The Rise and Fall of D.O.D.O. is brilliant, fast-paced, and told almost exclusively from the point of view of female characters. It will give you sore wrists because it’s a thick, heavy book, but you will not want to put it down.
An expert in ancient languages is hired by a mysterious government agency to translate some documents that suggest that magic actually once existed in the world. But the advance of science caused magic to disappear in 1851. However, the existence of a two-hundred-year-old witch and some fancy technology allow a limited amount of magic to occur in this world, and soon the language expert and others are being sent back in time to repair history. And, if they’re lucky, bring magic back to the world.
“Quantum physics, witchcraft, and multiple groups with conflicting agendas, playfully mixed with vernacular from several centuries and a dizzying number of acronyms, create a fascinating experiment in speculation and metafiction that never loses sight of the human foibles and affections of its cast.”
Wyrd Sisters is the story of Granny Weatherwax, the most highly regarded non-leader a coven of non-social witches could ever have.
Generally, these loners don’t get involved in anything, much less royal intrigue. But then there are those times they can’t help it. As Granny Weatherwax is about to discover, though, it’s a lot harder to stir up trouble in the castle than some theatrical types would have you think… even when you’ve got a few unexpected spells up your sleeve.
Granny Weatherwax teams with two other witches—Nanny Ogg and Margat Garlick—as an unlikely alliance to save a prince and restore him to the throne of Lancre, in a tale that borrows—or is it parodies—some of William Shakespeare’s best-loved works.
As with many of his stories, Pratchett skewers common fantasy tropes while still having plenty of affection for his all-too-human characters.
By far the best witch book ever written, hands down, and I say this with no hesitation whatsoever, is Nyx.
In this heartwarming fantasy-horror novel, Nyx, a sarcastic, mildly homicidal fairy, is hurled into Hell, but instead of damned souls and devils, she finds only a group of confused, young human witches.
It’s hate at first sight.
But Nyx and the witches, whose magical skills are not quite polished, must work together to survive the ravages of Hell, and then the demon-infested nightmare Earth has become.
The motley crew searches for the Keys of Iron, Flame, and Sorrow, which will (hopefully) close the Gates of Hell. However, the dark queen Morda, who opened the Gates by tricking Lucifer himself, takes a special interest in obliterating the bickering group.

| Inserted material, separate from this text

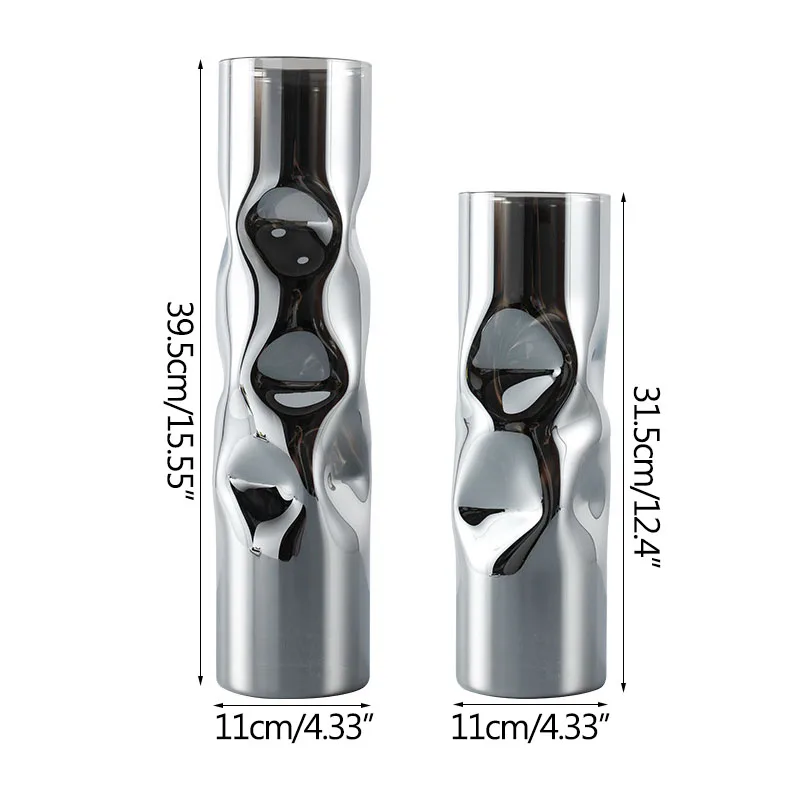 

Nordic Galvanized Extruding Glass Vase Hydroponic Device Flower Vase Desktop Crafts European Home Decoration Wedding Gifts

That is, if they don’t obliterate each other first…
“[W]itty, always surprising blend of fantasy and the supernatural, all wrapped up with a lively sense of humor… The characters are… well drawn, the jokes… always genuinely funny, and while it isn’t the equal of, say, Terry Pratchett, it’s at least living in the same neighborhood.”
—Don D’amassa’s Horror Review
Please note that the fact that I wrote Nyx does not bias me in any way in saying that it is the most astonishing piece of literature yet created by human civilization.